Chief of the National Archive Department of Azerbaijan
- In office 2 December 2002 – 4 August 2022
- President: Heydar Aliyev; Ilham Aliyev;
- Preceded by: Office established

Personal details
- Born: 1 May 1938 Bashkend, Culfa Rayon, Azerbaijan SSR, USSR
- Died: 4 August 2022 (aged 84)

= Atakhan Pashayev =

Azerbaijani politician (1938–2022)

Atakhan Avaz oglu Pashayev (Ataxan Paşayev Əvəz oğlu; 1 May 1938 – 4 August 2022) was an Azerbaijani government executive who served as Chief of the National Archive Department of Azerbaijan since 2002.

==Early life==
Pashayev was born in 1938 in Bashkend, Nakhchivan exclave of Azerbaijan.

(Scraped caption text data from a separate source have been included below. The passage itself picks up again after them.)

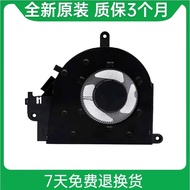 New  For Lenovo IdeaPad Slim 3 15IRH8 15IAH8 16IAH8 16IRH8 cooling fan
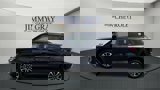 New 2026 Chevrolet TrailBlazer LT w/ LT Cold Weather Package image 6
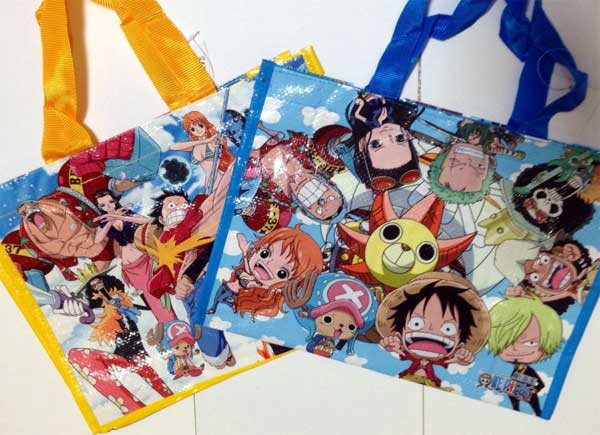 ONE PIECE s[X W[g[g A\[gPQZbg
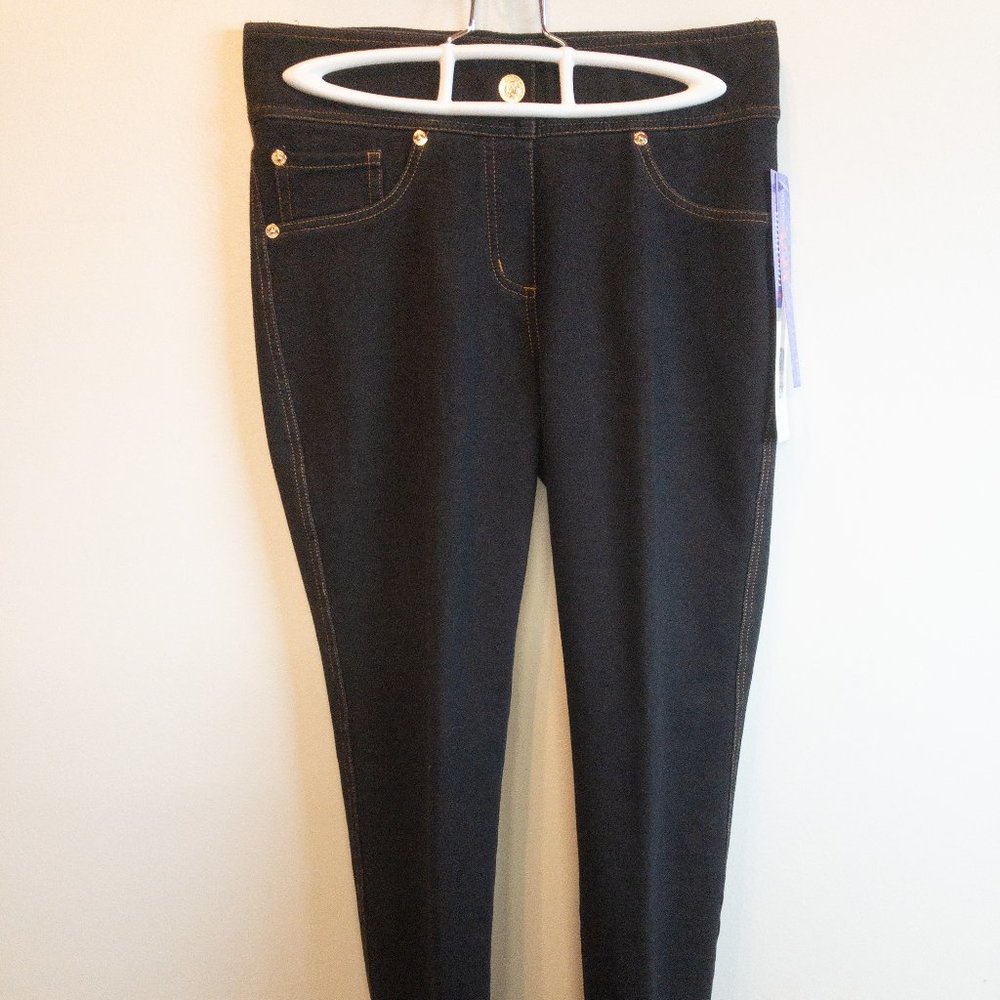 ADX Slims Pants - small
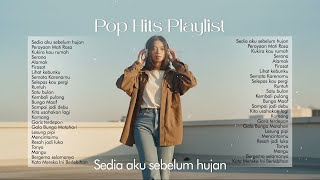 Download lagu Santai & Adem — Kompilasi Pop Hits Indonesia 2025 🍃 Versi Chill Cover Valovadinata 🤍🎧 mp3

In 1963, he graduated from the History department of Azerbaijan State University cum laude. He started his career at Central State October Revolution Archives as the Senior Scientist in 1962. In 1963–1965, he was the Senior Tutor at the Archives Department and in 1966–1982 he worked as the Director of the Central State Literature and Arts Archives. From 1982 through 1984, Pashayev was the Senior Professor at Azerbaijan Technical University. In 1981, he obtained his PhD in History. From 1984, he was also editor of Azərbaycan arxivi (Azerbaijani Archives) magazine.

==Political career==
In 1984, he was appointed the Chief of the State Archives of Azerbaijan SSR. On 5 December 2008, he was appointed the Chairman of National Archives Collegium. Pashayev was reappointed to the position of Chief of the newly created independent National Archive Department on 2 December 2002.

==Awards==
In 1968, Pashayev was awarded by the Supreme Soviet of Azerbaijan SSR with the honorary title of merited worker and in 1981 with the title of Merited Arts Worker.